Where managers do away with the smoke and mirrors , ask the right questions and investigate persistent rumours.
city worker
I am surprised how often senior managers express surprise about what has been going on in their organisation. “No one told us.” “We were kept in the dark.” “We  took it on trust”. “We were given reassurances that progress was being made, issues were being addressed, a plan was in place.” Whether or not you believe they really had no idea what was going on or how bad things had become one thing is clear they were not curious. They were content not to know. What’s more those they managed knew this.
You would expect senior managers to know enough about the business and culture of their organisation to ask questions that would cut through the smoke and mirrors but all too often they failed to ask the right questions.
Strange as it may seem many agreed they were aware of rumours, some spoke of a feeling something wasn’t  quite right but nothing specific or concrete they could act on.
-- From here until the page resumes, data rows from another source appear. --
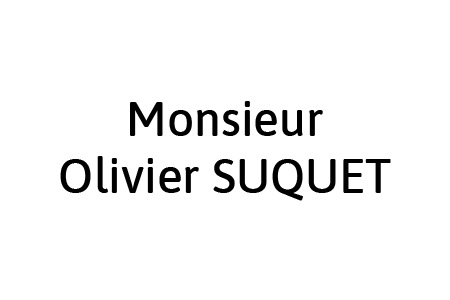 Olivier Suquet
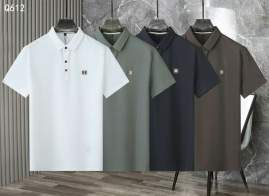 Picture of Hugo Boss Polo Shirts Short _SKUBossM-4XL26rxQ61227024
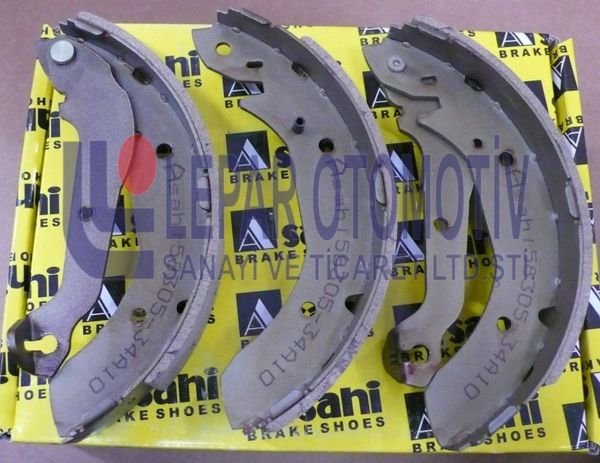 SONATA   58305-34A10 A FREN BALATASI ARKA PABUÇLU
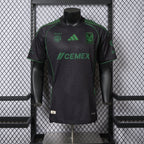 Camisa Tigres UANL 25/26 Third - (Jogador)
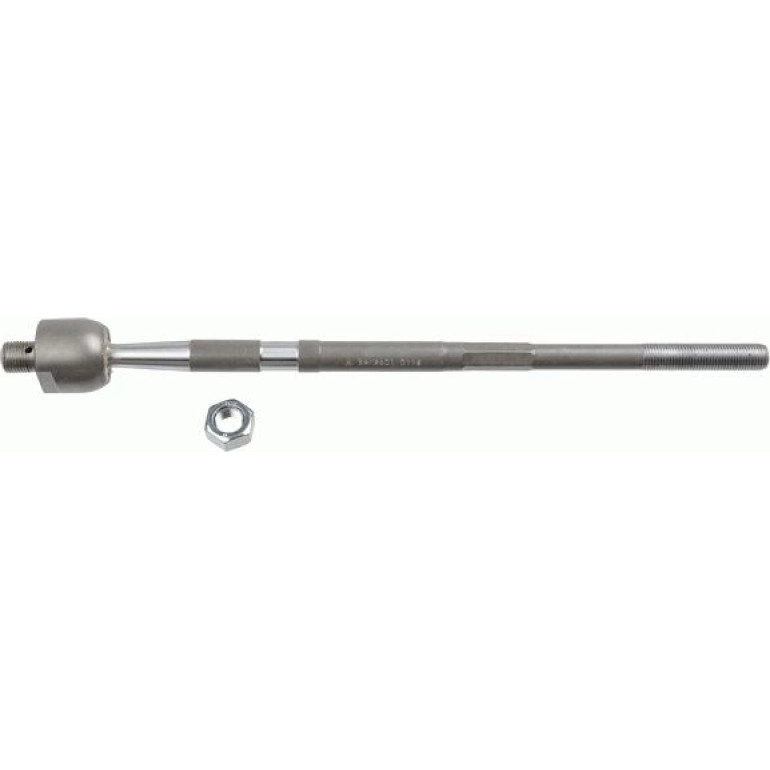 Axialgelenk, Spurstange 38025 01 Axialgelenk, Spurstange 38025 01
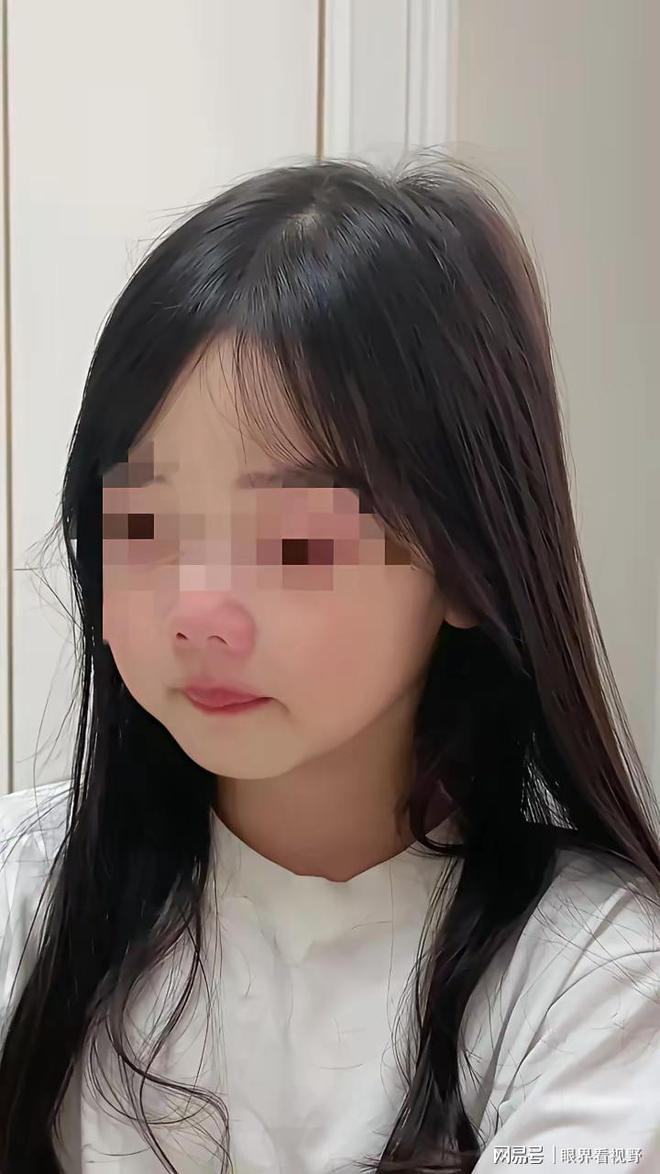 亲戚竟是恶魔？7岁女童婚宴遭猥亵法律终还公道！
So they did nothing.
What is true of CE’s and senior managers is even more true for board members they are even more likely to claim they were kept in the dark or feed a stream of positive, reasuring messages. What is striking is the lack of curiosity, no desire to learn more , examine explainations or explore  assumptions. If they asked questions it wasn’t the right questions, the questions that get beneath the spin, identity the underlying assumptions and expose the unknowns and the over optimistic forecasts.
It would be surprising if board members had not heard the same rumours that every one else had. In view of there serious nature why were they so content to dismiss them as ,”just rumours” ? Could it be they just didn’t want to believe them because of the ramifications for the organisation if there was any truth in them.
CE’s and board members don’t like surprises. The best way to avoid the nasty kind is to encourage a culture of curiosity where people are encouraged to find out more, where the reasoning behind decisions are made  transparent, where discussion and debate is encouraged so assumptions are open to questioning and where there are no dark corners or taboo subjects.